### EXERCISE AIM:
Retype all the entries word for word, but omit the pictures.

Pictures with short captions
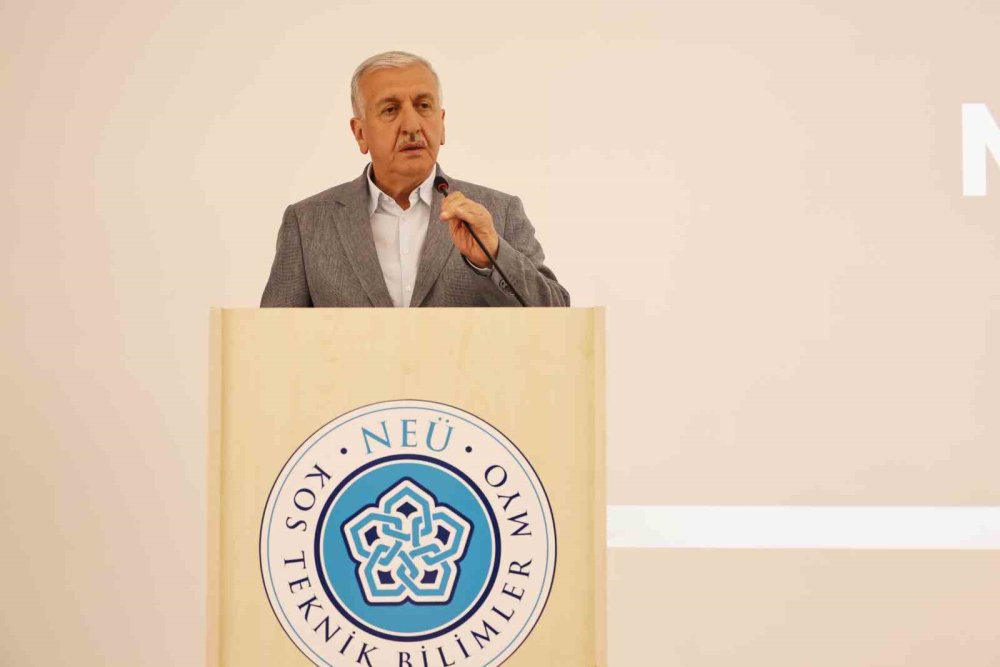 İlk mezunlarını verdi... Konya'da bu okul bölgenin vizyonunu geleceğe taşıyacak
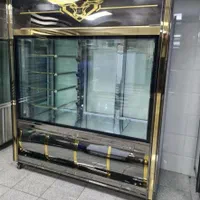 خریدارو فروشنده یخچال،فریزر صنعتی ،ویترینی،یستاده|فروشگاه و مغازه|ری, دولت‌آباد|دیوار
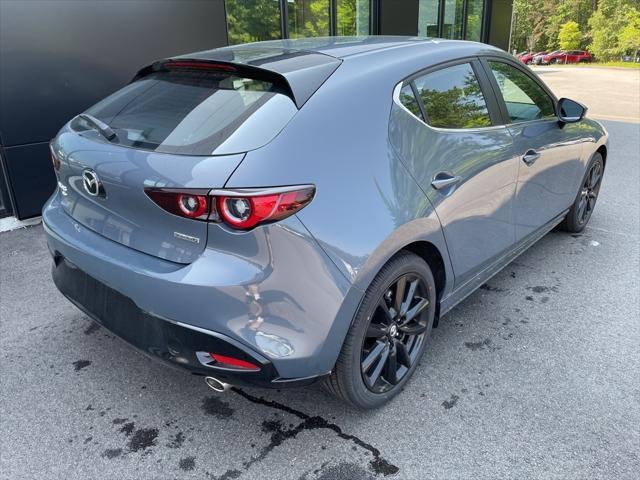 new 2025 Mazda Mazda3 car, priced at $30,981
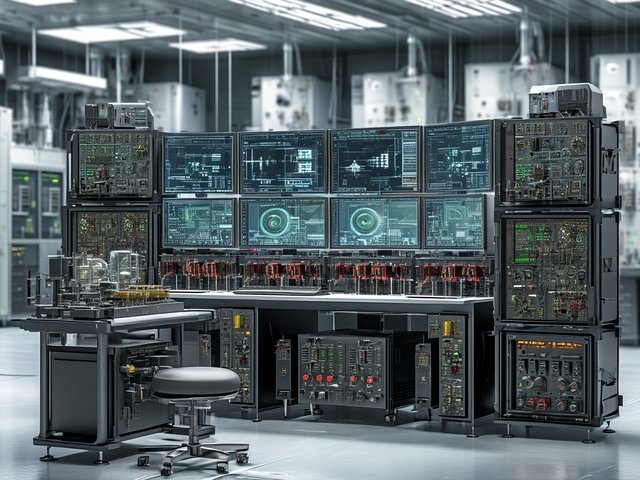 军用电子设备抗干扰检测-4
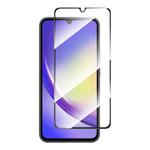 For Samsung Galaxy A25 ENKAY Hat-Prince Full Glue High Aluminum-silicon Tempered Glass Film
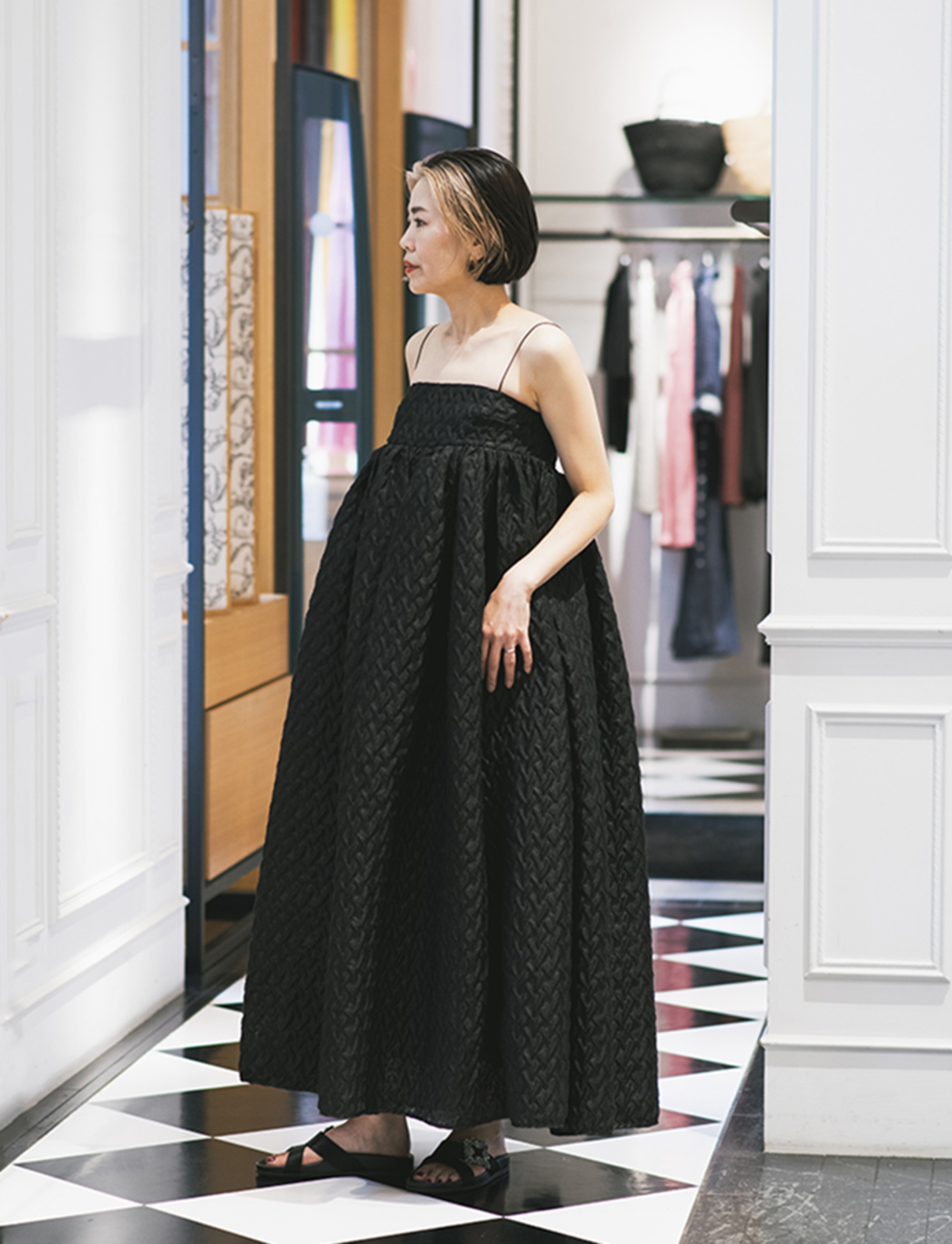 CECILIE BAHNSEN STAFF RECOMMEND | トゥモローランド 公式通販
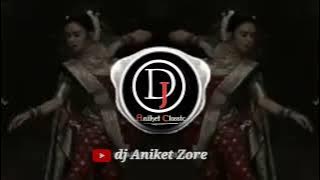 Mi Karte Tumhala Mujra ( Flnal Mix )Remix   ( Dj Aniket Classic ) || #@DJ_Aniket_Classic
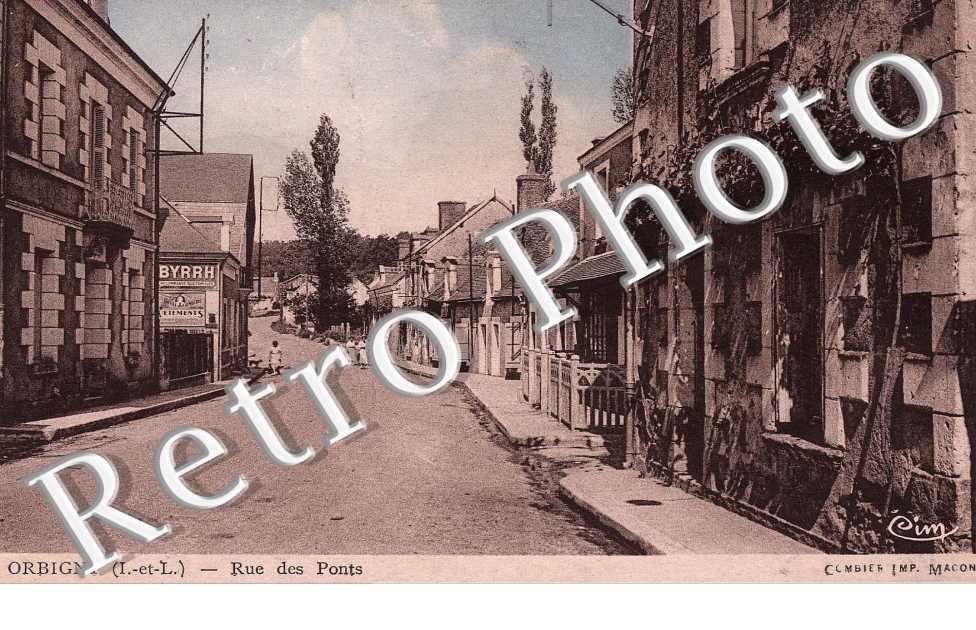 RUE DES PONTS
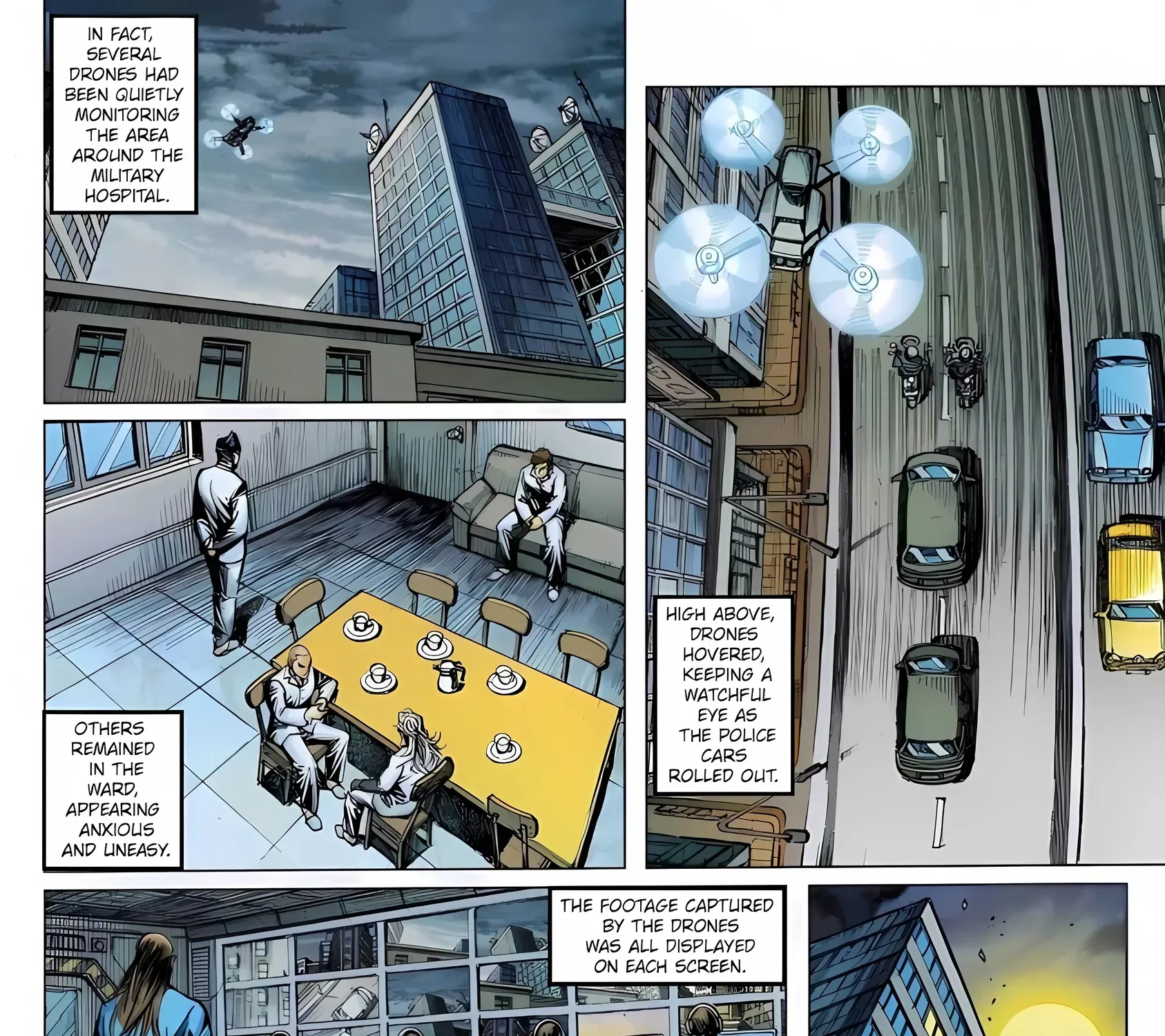 Dragon Tiger Gate GOLD Chapter 16 page 27 - 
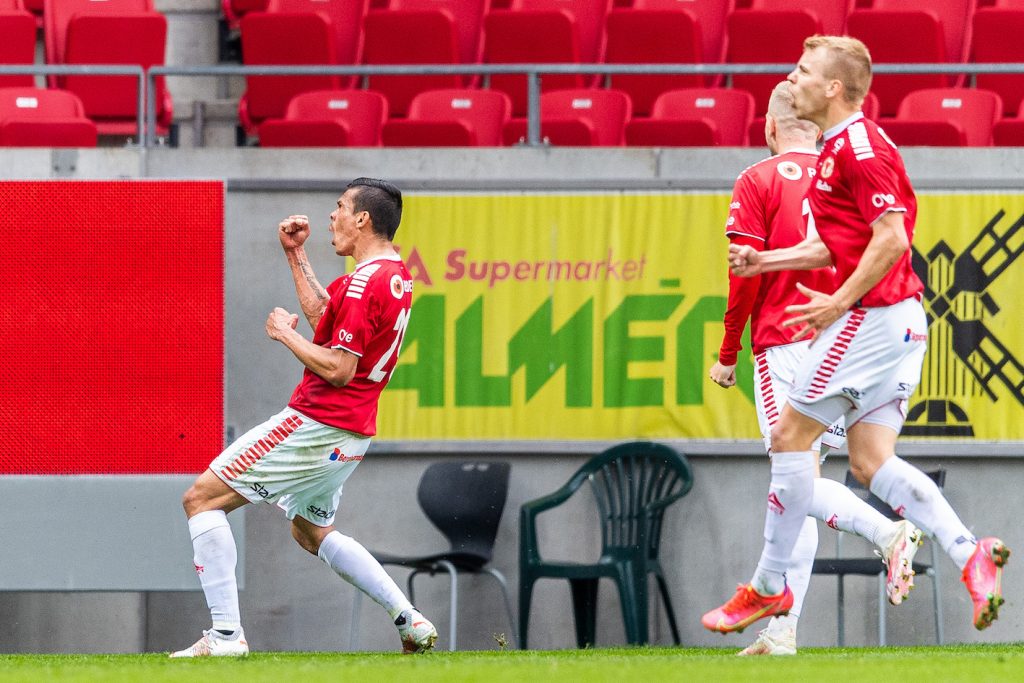 KFF-matcher visas på kommunens äldreboenden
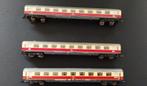 Fleischmann Piccolo wagons N-spoor, Gebruikt, Gelijkstroom, Fleischmann, Wagon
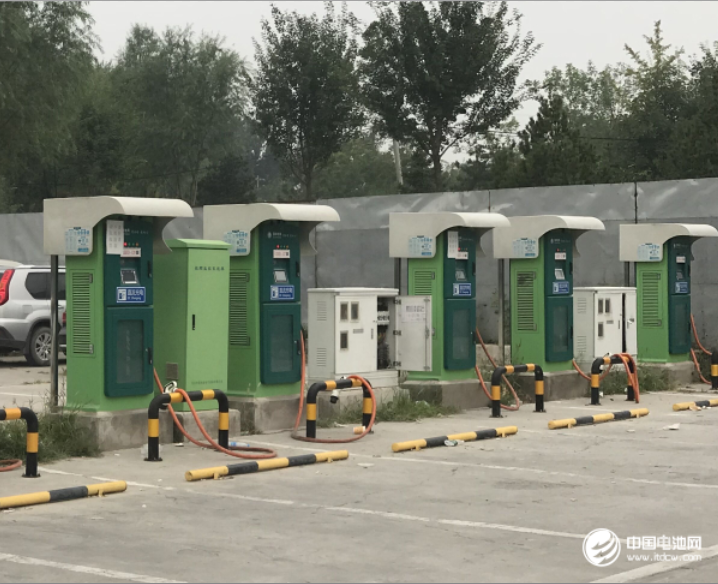 德媒關注中國投千億人民幣發展充電樁 數量已遠超歐美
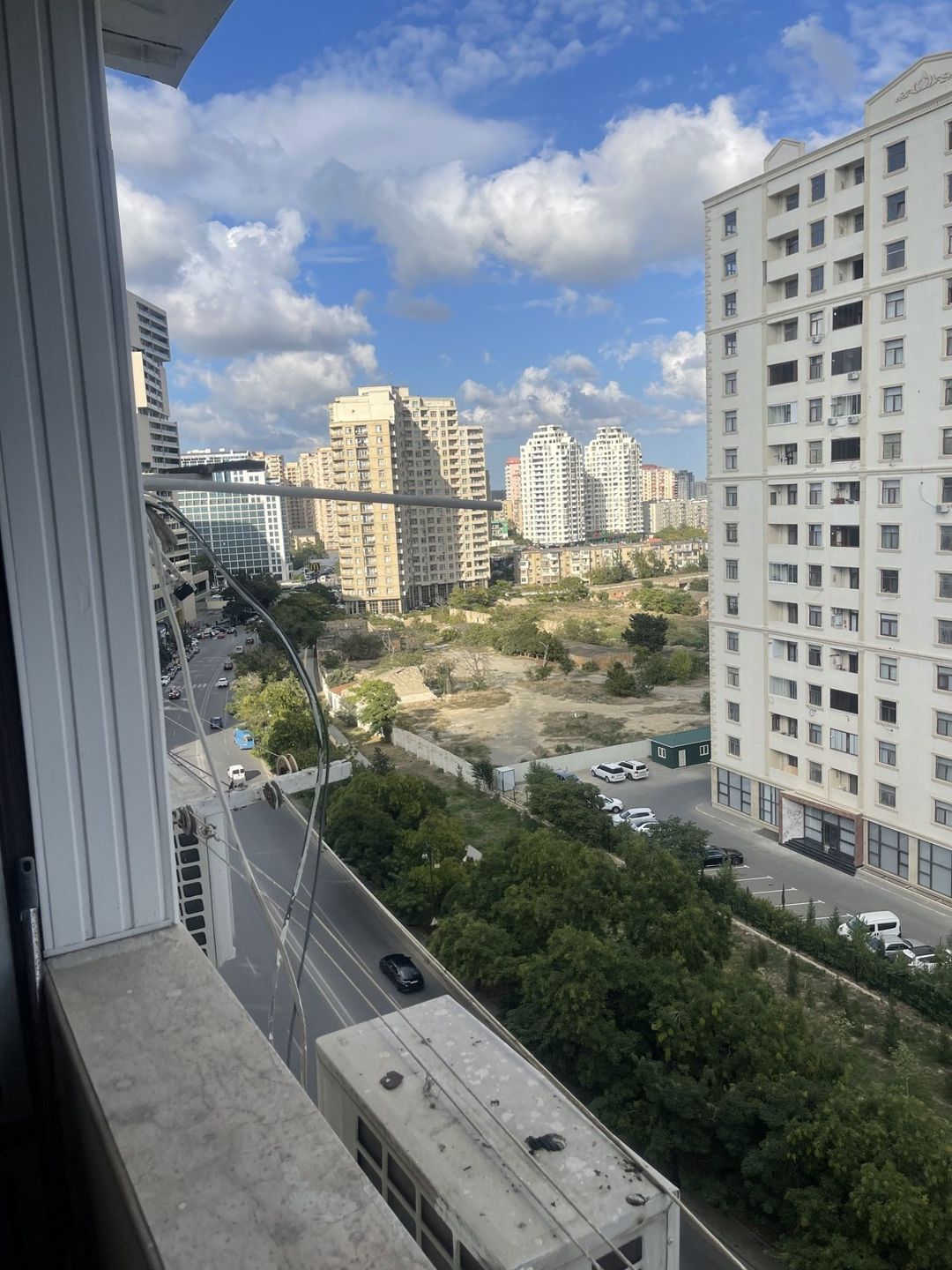 Satılır 3 otaqlı köhnə tikili 110 m² — Mənzil, Bakı (9)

### RESULT FOR THIS TASK:
 İlk mezunlarını verdi... Konya'da bu okul bölgenin vizyonunu geleceğe taşıyacak
 خریدارو فروشنده یخچال،فریزر صنعتی ،ویترینی،یستاده|فروشگاه و مغازه|ری, دولت‌آباد|دیوار
 new 2025 Mazda Mazda3 car, priced at $30,981
 军用电子设备抗干扰检测-4
 For Samsung Galaxy A25 ENKAY Hat-Prince Full Glue High Aluminum-silicon Tempered Glass Film
 CECILIE BAHNSEN STAFF RECOMMEND | トゥモローランド 公式通販
 Mi Karte Tumhala Mujra ( Flnal Mix )Remix   ( Dj Aniket Classic ) || #@DJ_Aniket_Classic
 RUE DES PONTS
 Dragon Tiger Gate GOLD Chapter 16 page 27 - 
 KFF-matcher visas på kommunens äldreboenden
 Fleischmann Piccolo wagons N-spoor, Gebruikt, Gelijkstroom, Fleischmann, Wagon
 德媒關注中國投千億人民幣發展充電樁 數量已遠超歐美
 Satılır 3 otaqlı köhnə tikili 110 m² — Mənzil, Bakı (9)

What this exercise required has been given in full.